I'm learning how to do a propensity analysis, my reprex works but when I replicate the same exact code with the real data, I get the following error
rr1 <- Match(Y = Y, Tr = Tr, X = proptest001$fitted)
Error in Match(Y = Y, Tr = Tr, X = proptest001$fitted) :
length(Tr) != nrow(X)
Here is the reprex
library(Matching)
#> Warning: package 'Matching' was built under R version 3.6.3
#> Loading required package: MASS
#> ##
#> ## Matching (Version 4.9-7, Build Date: 2020-02-05)
#> ## See http://sekhon.berkeley.edu/matching for additional documentation.
#> ## Please cite software as:
#> ## Jasjeet S. Sekhon. 2011. ``Multivariate and Propensity Score Matching
#> ## Software with Automated Balance Optimization: The Matching package for R.''
#> ## Journal of Statistical Software, 42(7): 1-52.
#> ##
datapasta::df_paste(head(corc002, 5)[, c('positive', 'arb', 'aarace')])

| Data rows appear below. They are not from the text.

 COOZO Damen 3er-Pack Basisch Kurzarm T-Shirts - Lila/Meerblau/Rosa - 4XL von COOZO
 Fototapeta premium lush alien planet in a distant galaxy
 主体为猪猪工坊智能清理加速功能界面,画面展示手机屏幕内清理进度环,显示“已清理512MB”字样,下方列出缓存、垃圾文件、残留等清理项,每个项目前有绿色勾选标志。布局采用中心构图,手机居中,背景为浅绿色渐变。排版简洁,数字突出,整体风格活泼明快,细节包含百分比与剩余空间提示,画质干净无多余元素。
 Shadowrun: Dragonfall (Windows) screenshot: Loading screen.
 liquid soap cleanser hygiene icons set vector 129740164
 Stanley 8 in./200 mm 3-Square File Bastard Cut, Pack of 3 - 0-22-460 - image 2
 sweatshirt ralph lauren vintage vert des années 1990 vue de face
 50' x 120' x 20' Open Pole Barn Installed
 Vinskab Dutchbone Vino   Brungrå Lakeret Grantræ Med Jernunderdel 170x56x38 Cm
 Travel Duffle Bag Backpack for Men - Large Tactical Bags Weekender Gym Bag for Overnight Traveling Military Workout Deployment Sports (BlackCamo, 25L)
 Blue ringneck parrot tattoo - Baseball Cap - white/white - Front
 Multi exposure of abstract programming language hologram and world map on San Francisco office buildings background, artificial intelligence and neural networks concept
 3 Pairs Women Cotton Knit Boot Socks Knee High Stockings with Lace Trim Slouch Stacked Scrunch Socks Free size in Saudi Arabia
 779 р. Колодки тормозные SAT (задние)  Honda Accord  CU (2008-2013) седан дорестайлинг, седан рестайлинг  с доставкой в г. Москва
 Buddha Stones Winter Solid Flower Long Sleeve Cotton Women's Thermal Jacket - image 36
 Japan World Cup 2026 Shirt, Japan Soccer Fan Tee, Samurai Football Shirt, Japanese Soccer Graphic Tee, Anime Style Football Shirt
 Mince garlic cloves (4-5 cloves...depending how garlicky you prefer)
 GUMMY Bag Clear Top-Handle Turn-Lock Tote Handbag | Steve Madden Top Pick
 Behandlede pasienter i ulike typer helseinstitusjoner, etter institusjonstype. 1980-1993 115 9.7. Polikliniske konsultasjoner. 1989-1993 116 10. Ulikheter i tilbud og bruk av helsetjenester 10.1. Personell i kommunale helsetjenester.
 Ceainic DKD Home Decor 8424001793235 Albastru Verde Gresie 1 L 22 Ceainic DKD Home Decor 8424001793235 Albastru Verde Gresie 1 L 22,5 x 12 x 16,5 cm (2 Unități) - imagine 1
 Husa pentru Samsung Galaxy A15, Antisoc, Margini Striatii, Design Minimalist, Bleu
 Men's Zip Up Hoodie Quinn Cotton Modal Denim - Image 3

#> Error in head(corc002, 5): object 'corc002' not found
#so you can see where the data for DF comes from
DF<-data.frame(
positive = c(1, 1, 1, 1, 1),
arb = c(0, 0, 1, 0, 0),
aarace = c(0, 0, 1, 0, 0)
)
DF
#> positive arb aarace
#> 1 1 0 0
#> 2 1 0 0
#> 3 1 1 1
#> 4 1 0 0
#> 5 1 0 0
Tr<-cbind(DF$arb)
Y<-cbind(DF$positive)
X<-cbind(DF$aarace)
glm1 <- glm(Tr ~ X, family=binomial(link = "probit"), data=DF)
rr1 <- Match(Y = Y, Tr = Tr, X = glm1$fitted)
summary(rr1)
#>
#> Estimate... 0
#> AI SE...... 0
#> T-stat..... NaN
#> p.val...... NA
#>
#> Original number of observations.............. 5
#> Original number of treated obs............... 1
#> Matched number of observations............... 1
#> Matched number of observations (unweighted). 4
Here is the code I used
Y<cbind(corc002$positive)
Y<-cbind(corc002$positive)
Tr<-cbind(corc002$arb)
X<-cbind(corc002$aarace)
proptest001 <- glm(Tr ~ X, family=binomial(link = "probit"), data=corc002)
summary(proptest001)
rr1 <- Match(Y = Y, Tr = Tr, X = proptest001$fitted)
What gives? I'm still a noob so I'm sure I'm making a dumb mistake but I've spent hours on this and can only scream four letter expletives at my computer for so long.